Peter R. Martin: Historical Vocabulary of Addiction

Recovery

 

        According to the current electronic version of Oxford English Dictionary (OED), the noun recovery is derived from Anglo-Norman recoverie, referring to the “action of regaining as a result of a legal process or judgement, legal remedy” and Middle French recouvré “making good a loss, help,” also recovree “remedy, making good, action of regaining or recovering.”  The primary meaning of the noun recovery according to OED is: “Senses relating to gaining or regaining possession, especially of something lost or taken away (primarily immaterial things).” This is essentially a legal concept: “A fine, charge, etc., recovered at law.”  The term has been used thus since 1422 as noted (Smith and Smith 1870): “[To pay fines, etc.] recovered in the seide Maires Court, vnto the seide Maire and to such personeȝ as the seide recovrees belongeth to of right.”  Nevertheless, some of the definitions of recovery in OED are compatible with current usage in addiction psychiatry.  However, the breadth of meanings, which swings as a pendulum between medical and psychosocial/spiritual/philosophical, does suggest a lack of certainty about the term.

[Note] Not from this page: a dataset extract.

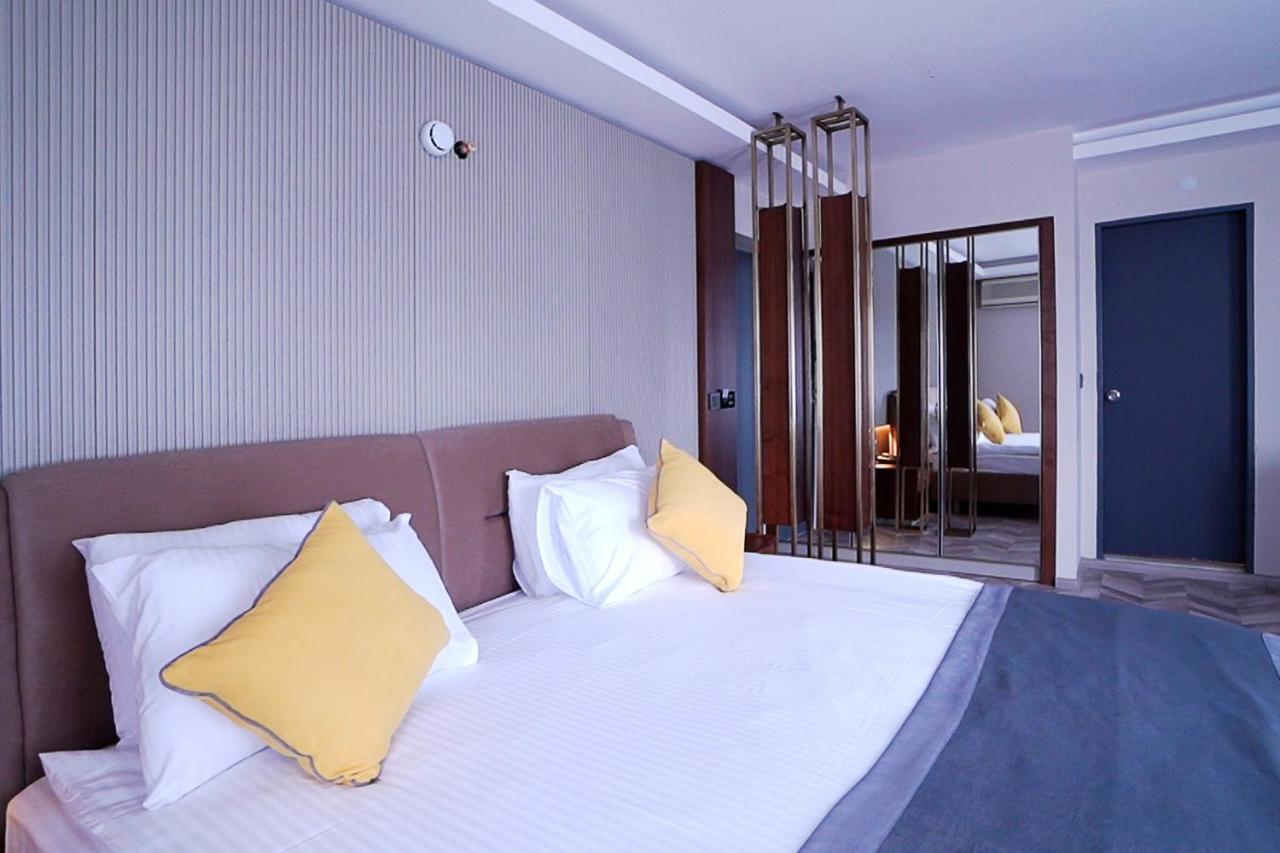 Uk Ankara Hotel Exterior photo
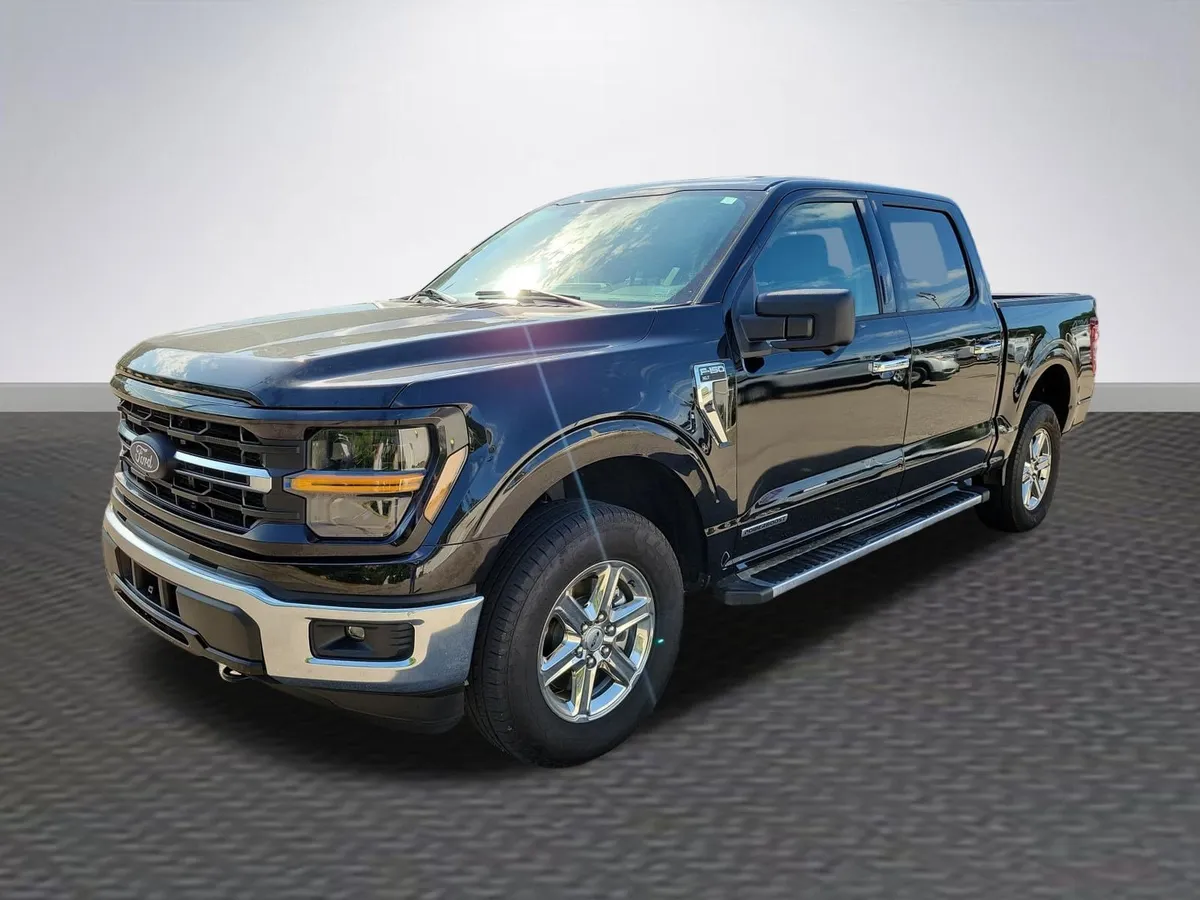 2024 Ford F-150 XLT thumbnail 3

        The first OED definition of recovery that fits in the context of addiction is: “The restoration of a person (or more rarely, a thing) to a healthy or normal condition, or to consciousness.”  This meaning was first used in the English language in a 1517 translation by Fox of The Rule of Saint Benedict, a book of precepts originally written in 516 by Benedict of Nursia (circa, 480-550).  The following appears in the section of the book addressing the care of the sick, the old and the young: “Eatynge of fleshe, may be graunted all way, to suche as be seeke and feble, for their more spedy recouery” (Collett 2016).  Another example of this meaning of recovery is: “The greatest and most important Strokes for the Recovery of the Patient, must be made at the time of the Invasion, or first State of this Disease” (Arbuthnot 1732). In these quotes, recovery signifies useful and specific instructions to healthcare providers about how to best help an ill patient to attain wholeness of body and spirit. 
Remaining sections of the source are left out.